=== WHAT YOU SHOULD DO ===
From the material below, retype exactly the lines that begin at the line with "OAKLEY オークリー straight スポーツ サングラス グレー プラスチック" and end after the line with "Karyawan bekerja merakit"; pictures stay out of the copy.

=== LISTED RECORDS ===
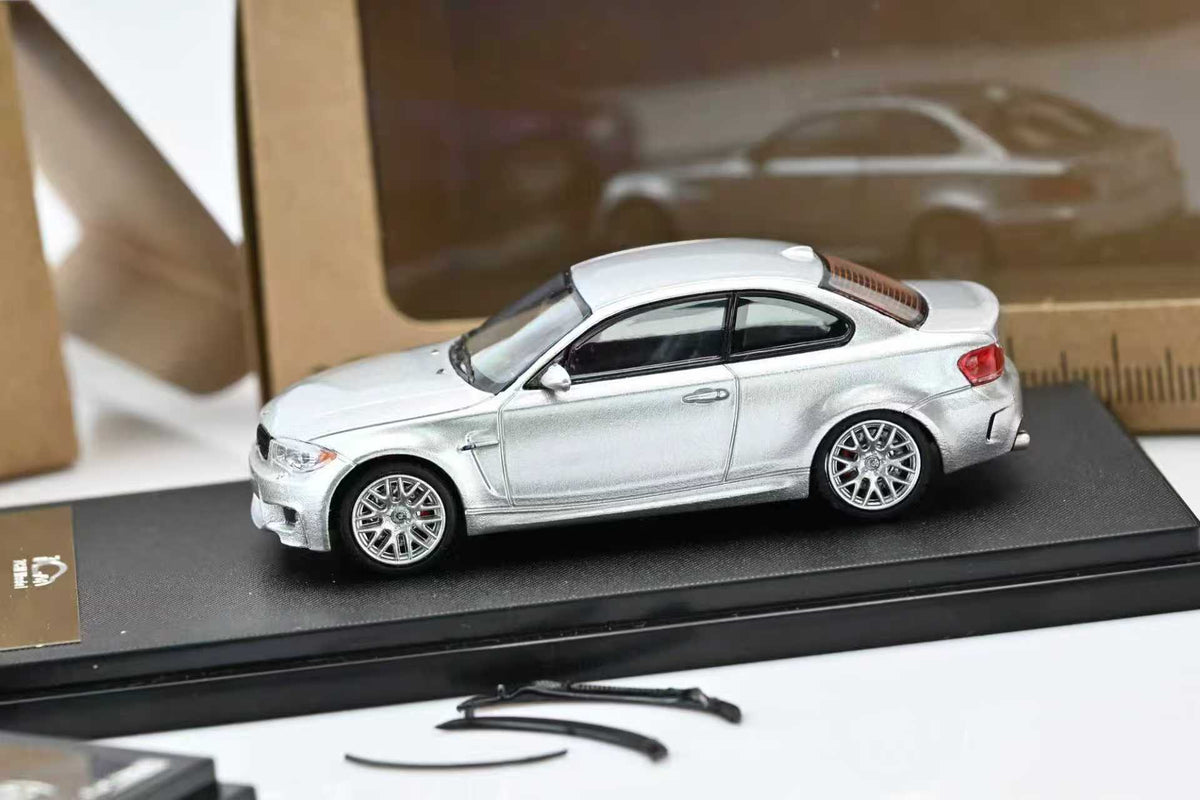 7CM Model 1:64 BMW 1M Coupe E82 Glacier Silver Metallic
* * *
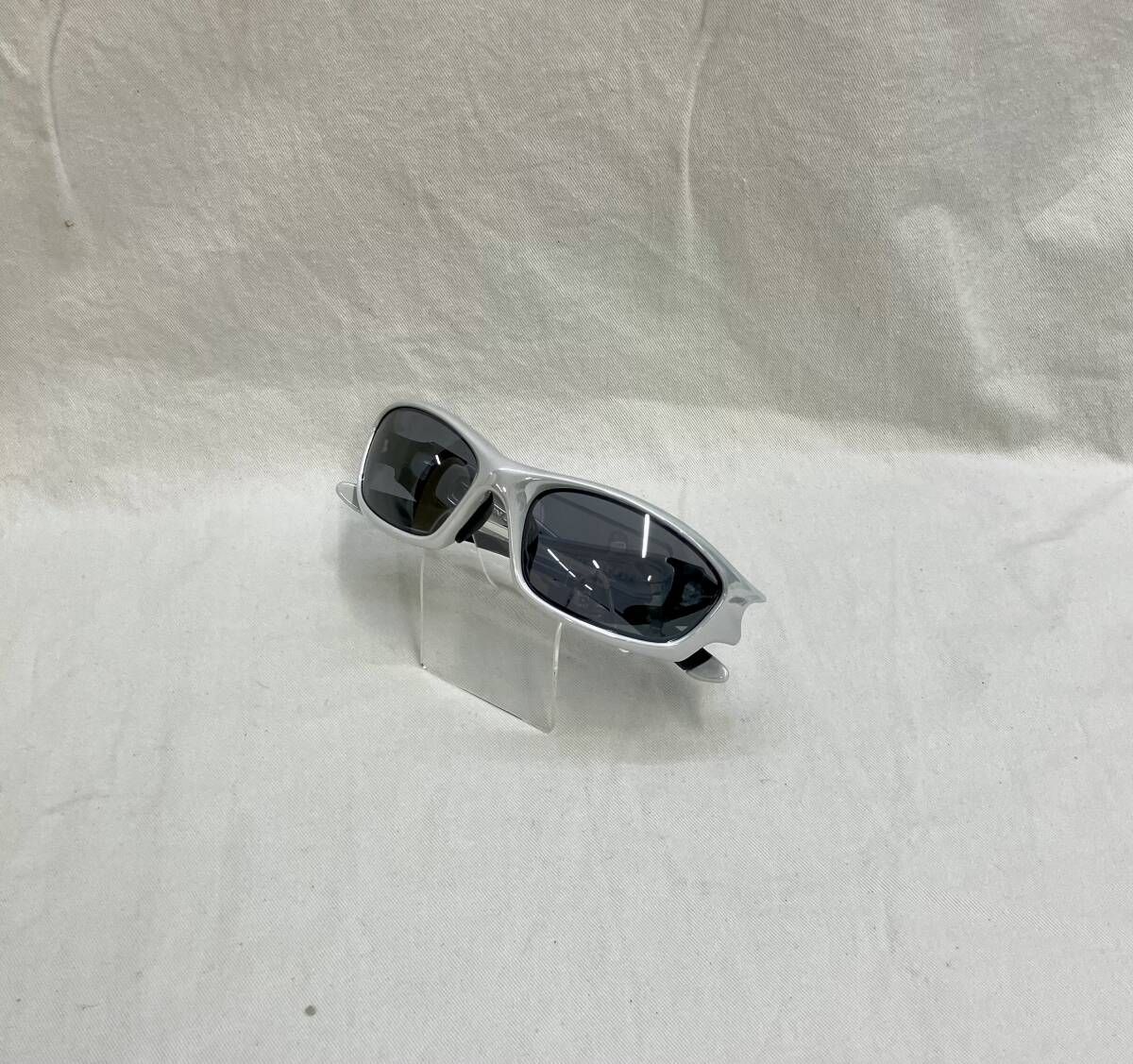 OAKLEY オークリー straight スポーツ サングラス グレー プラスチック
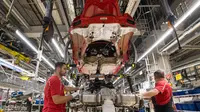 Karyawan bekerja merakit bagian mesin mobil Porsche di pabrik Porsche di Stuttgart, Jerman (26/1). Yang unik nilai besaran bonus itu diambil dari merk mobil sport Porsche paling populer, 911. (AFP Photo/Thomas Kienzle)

=== RESULT ===
 OAKLEY オークリー straight スポーツ サングラス グレー プラスチック
 Karyawan bekerja merakit bagian mesin mobil Porsche di pabrik Porsche di Stuttgart, Jerman (26/1). Yang unik nilai besaran bonus itu diambil dari merk mobil sport Porsche paling populer, 911. (AFP Photo/Thomas Kienzle)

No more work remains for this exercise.